3. Improve the pipeline for healthcare communication

Both insurers and patients need to have clear communication. The ability to store patient records on the blockchain might reduce the amount of paperwork that has to be processed, enhance regulatory compliance, and enable easy provider-to-provider information sharing.

For example, a patient needs a particular medical procedure. A smart contract is triggered by a previous permission request, which digitally examines insurance coverage and releases funds to the supervising facility.

4. Increase the efficiency of human resources

The process of an HR manager might be automated by utilizing distributed ledger technology. For instance, a member of HR must verify job history and check references.

By streamlining these verification activities, a smart contract might make it easier to enroll new staff. Blockchain technology might also automate tasks like processing paychecks and enforcing employee contract conditions and fines.

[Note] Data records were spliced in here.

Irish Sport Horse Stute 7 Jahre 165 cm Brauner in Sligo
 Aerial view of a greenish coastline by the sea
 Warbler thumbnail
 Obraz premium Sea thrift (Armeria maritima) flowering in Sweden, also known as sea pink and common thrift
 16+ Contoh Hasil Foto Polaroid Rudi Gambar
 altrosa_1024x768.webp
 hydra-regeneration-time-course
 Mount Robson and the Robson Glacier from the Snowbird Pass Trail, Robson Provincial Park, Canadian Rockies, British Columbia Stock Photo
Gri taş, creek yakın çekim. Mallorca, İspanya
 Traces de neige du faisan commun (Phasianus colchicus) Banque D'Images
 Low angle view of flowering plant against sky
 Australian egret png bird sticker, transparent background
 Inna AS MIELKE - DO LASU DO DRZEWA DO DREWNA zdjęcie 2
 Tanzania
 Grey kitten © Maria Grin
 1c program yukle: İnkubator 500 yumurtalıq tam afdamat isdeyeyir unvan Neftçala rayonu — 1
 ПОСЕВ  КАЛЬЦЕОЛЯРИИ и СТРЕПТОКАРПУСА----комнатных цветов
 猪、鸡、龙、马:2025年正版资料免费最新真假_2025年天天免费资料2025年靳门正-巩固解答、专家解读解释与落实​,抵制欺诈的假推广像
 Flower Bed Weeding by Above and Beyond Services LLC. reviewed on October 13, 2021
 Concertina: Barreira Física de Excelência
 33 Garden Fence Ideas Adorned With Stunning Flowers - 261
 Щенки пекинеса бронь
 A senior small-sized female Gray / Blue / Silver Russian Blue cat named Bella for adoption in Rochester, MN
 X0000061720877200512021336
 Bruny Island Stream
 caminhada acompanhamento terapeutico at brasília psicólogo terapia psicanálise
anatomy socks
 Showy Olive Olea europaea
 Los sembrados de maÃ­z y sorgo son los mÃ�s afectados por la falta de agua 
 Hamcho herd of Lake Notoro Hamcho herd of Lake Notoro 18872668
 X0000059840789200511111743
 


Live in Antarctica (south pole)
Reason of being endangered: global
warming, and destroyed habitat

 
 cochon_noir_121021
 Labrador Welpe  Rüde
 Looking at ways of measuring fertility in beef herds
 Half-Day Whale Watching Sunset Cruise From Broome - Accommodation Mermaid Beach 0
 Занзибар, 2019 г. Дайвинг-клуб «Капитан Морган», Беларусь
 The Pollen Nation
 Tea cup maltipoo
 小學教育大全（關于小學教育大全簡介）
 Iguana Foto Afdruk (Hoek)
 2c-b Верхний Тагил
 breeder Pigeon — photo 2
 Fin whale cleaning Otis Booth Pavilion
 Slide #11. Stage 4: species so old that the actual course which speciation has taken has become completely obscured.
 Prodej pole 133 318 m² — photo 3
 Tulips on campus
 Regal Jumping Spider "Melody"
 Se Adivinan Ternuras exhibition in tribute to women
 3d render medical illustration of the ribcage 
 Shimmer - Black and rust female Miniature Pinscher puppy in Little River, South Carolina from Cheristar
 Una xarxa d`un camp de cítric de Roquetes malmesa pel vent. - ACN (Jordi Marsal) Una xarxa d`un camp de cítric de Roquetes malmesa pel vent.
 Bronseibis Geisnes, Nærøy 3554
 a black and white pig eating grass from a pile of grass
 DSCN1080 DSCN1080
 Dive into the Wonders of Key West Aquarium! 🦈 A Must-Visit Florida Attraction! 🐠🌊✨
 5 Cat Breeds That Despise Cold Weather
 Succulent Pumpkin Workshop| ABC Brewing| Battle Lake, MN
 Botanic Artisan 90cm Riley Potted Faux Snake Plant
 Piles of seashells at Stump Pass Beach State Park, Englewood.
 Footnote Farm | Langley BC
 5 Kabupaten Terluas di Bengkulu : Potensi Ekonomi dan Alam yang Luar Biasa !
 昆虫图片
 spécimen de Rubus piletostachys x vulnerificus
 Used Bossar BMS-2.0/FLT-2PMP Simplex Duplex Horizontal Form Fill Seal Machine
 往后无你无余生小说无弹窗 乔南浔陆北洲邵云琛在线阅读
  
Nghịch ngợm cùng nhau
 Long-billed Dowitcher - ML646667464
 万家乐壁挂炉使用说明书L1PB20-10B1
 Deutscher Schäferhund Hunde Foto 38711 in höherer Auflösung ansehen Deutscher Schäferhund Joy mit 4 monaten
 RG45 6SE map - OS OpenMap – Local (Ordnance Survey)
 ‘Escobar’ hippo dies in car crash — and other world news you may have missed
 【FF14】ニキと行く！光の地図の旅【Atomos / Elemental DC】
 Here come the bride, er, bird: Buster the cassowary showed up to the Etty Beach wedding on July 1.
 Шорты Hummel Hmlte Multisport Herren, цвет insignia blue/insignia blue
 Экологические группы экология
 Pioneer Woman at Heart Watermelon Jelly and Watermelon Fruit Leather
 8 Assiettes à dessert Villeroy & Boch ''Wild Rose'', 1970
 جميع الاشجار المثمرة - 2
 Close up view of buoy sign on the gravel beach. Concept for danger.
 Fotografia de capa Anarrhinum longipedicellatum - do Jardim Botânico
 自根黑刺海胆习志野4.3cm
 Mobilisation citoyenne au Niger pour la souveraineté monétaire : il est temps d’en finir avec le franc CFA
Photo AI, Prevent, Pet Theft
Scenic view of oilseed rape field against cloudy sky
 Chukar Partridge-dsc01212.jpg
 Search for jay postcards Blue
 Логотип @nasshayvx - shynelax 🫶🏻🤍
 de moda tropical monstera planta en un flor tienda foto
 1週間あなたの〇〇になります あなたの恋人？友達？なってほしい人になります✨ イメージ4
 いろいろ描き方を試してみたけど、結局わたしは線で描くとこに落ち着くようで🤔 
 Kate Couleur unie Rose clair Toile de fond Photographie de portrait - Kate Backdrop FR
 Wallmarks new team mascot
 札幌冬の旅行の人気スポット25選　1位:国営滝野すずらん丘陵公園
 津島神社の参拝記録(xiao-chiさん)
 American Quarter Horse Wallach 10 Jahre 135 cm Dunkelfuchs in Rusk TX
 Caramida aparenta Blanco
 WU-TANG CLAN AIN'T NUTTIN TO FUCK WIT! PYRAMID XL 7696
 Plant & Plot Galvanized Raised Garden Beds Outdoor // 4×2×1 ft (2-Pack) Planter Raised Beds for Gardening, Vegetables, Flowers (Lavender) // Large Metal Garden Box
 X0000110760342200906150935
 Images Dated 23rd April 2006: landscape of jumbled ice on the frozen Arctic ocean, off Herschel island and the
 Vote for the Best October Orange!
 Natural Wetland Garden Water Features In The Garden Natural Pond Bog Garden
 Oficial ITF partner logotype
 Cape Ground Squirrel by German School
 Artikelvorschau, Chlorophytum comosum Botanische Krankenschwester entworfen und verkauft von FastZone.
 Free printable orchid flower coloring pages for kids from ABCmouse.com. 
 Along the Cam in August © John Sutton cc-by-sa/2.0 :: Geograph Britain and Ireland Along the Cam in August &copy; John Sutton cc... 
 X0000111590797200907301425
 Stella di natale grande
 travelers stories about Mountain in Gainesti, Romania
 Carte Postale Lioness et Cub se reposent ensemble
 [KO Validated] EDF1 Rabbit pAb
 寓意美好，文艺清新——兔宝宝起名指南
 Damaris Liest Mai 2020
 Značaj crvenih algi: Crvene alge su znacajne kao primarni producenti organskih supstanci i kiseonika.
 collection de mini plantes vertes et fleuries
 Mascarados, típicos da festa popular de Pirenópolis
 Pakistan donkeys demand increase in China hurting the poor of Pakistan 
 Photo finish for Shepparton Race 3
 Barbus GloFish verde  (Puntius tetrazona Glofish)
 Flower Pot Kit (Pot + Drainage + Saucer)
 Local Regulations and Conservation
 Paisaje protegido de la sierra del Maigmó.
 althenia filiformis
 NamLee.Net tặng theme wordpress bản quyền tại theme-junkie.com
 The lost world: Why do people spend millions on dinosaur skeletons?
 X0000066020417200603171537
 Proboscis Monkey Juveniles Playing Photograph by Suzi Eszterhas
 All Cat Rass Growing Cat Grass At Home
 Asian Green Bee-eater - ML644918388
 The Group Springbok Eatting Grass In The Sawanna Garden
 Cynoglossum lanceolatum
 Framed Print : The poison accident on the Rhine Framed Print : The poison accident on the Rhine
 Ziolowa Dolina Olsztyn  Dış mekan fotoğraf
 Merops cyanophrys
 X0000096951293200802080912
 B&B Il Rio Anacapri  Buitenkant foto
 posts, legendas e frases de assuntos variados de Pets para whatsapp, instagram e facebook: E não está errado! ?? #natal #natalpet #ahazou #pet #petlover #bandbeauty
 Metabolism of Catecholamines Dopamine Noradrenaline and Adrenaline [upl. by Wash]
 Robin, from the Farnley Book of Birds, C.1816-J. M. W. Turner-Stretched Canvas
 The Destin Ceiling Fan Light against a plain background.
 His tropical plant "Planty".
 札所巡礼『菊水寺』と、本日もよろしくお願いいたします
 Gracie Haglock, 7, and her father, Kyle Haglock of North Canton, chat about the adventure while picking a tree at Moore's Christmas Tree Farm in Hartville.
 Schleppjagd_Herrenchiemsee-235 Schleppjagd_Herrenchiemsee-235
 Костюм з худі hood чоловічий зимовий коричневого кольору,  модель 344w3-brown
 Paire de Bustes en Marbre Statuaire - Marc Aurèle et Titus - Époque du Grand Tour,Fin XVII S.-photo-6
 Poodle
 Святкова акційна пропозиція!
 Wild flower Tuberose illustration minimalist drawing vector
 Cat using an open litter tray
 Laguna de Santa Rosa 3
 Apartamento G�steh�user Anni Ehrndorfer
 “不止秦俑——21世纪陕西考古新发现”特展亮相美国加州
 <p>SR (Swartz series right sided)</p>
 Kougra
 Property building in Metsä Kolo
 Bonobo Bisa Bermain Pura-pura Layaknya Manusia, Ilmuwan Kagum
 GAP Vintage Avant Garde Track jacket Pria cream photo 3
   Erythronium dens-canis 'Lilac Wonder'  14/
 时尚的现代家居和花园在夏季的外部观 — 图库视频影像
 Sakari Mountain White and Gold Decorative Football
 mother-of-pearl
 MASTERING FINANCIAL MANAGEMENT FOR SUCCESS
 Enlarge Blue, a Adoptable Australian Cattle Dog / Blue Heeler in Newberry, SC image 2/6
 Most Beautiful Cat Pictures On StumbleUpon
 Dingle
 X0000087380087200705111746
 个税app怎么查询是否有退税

5. Improve supply chain operations

Enterprise blockchain may be particularly useful for several aspects of supply chain management. The traceability of items and materials may be improved through smart contracts.

For instance, specific blockchain software might trace an item’s origins as it travels through several global supply chains and instantly calculates tariffs.

However, several businesses are also looking at blockchain-based smart contracts. This is because blockchain can reduce mistakes and increase efficiency in certain situations.

The downside of using smart contracts

One advantage of smart contracts is that they share the same immutability and other properties of the blockchain. However, it also faces the same issues with privacy and security that arise with blockchain.

Due to these drawbacks, IT directors must be aware of the dangers of using business blockchain technology. These unforeseen risks should impact whether an investment in a blockchain enterprise is feasible.

1. Security threats

The underlying blockchain technology improves as more businesses integrate smart contracts into their ecosystems.

However, security hazards arise if the blockchain’s smart contract is ill-maintained or improperly built.

But the crucial action of creating a governance model may aid a company in overcoming these difficulties.

2. Inaccuracy of data

A business that relies on numerous transactions may benefit from automated data processing using smart contracts. But there remains the problem of inaccurate data entry.

Providing dishonest, incorrect, or erroneous data might still cause the smart contract to be activated by a malicious actor, an untrained user, or a user who just forgot to do something.

Therefore, to avoid mistakes, it is crucial to ensure the integrity of the incoming data.